It’s time for Sailors to lace up their running shoes and get moving to prepare for the 2015 Cycle 1 Semi-Annual Physical Fitness Assessment (PFA).
With the PFA less than a month away, Naval Air Facility Atusgi’s Command Fitness Leader (CFL) Religious Programs Specialist 1st Class Larrifour Hermida urges Sailors who haven’t started preparing to begin immediately to perform at a high level.
“Sailors should be maintaining a good health and fitness routine year-round,” said Hermida.
The PFA consists of a Body Composition Assessment (BCA), which measures the Navy’s established guidelines of “maximum weight for height,” and a Physical Readiness Test (PRT) consisting of curl-ups, push-ups, and a 1.5 mile run. Alternative cardio tests can be done on a stationary bike, elliptical, treadmill or a 500 meter swim.

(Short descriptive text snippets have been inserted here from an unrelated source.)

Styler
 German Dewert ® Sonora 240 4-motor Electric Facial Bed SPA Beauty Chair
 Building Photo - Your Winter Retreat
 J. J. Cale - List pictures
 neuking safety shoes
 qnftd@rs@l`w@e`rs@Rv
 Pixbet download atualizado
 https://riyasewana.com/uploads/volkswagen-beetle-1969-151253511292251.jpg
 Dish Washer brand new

Sailors can contact their command fitness leader CFL and ask for a courtesy BCA.
A check-in, or courtesy BCA, is a proactive measure to help Sailors in meeting BCA standards.
Hermida said Sailors whose BCA exceeds Navy standards need to start working out now. Failing the BCA portion during the PFA results in an automatic overall failure.
Decreasing a percentage of body fat can be more difficult than just losing weight.
In order for Sailors to reach BCA standards they should focus on proper nutrition and exercise.
In addition, there are small fitness tests Sailors can do on their own to gauge where they are.
“A good way to test your curl-up performance is to go through a full workout and then do the curl-up portion of the PRT to check your core strength,” said Hermida. “If you can comfortably pass after a workout then you should have no problem when you are well-rested.”
The push-up portion of the test requires Sailors to reach at least a 90 degree bend with both elbows and then pushing all the way up.
Although the PRT requires push-ups and curl-ups, there are also several alternative exercises one can do to help increase their overall score.
“If you run through a mock PRT every time you work out you’re going to burn out,” said Hermida. “Instead of just standard push-ups, try doing the plyometric or incline version, and instead of curlups see if you can hold a plank for 45 seconds.”
Most of the exercises for the PRT can be done without the use of any equipment and in a space as small as a barracks room.
“When it comes to distance running, 1.5 miles is not that far,” said Hermida. “To train for the best possible time, Sailors should focus on improving their long distance, intermediate and sprint performance.”
These can be divided throughout the week with Sailors aiming for around 150 minutes of cardio a week.
“Alternate between a slow two-or three-mile run, a fast paced 400-to 800-meter run, and 40 to 50-yard interval sprints,” said Hermida. “150 minutes sounds like a lot but its only 30 minutes a day, five days a week.”
Samples of a six-week program to improve all of the required exercises, as well as the scoring chart for each of the age groups, can be found at http://www.navy-prt.com/.
For more tips on improving your overall PFA score or if you need to double check and make sure you’re within standards visit your CFL.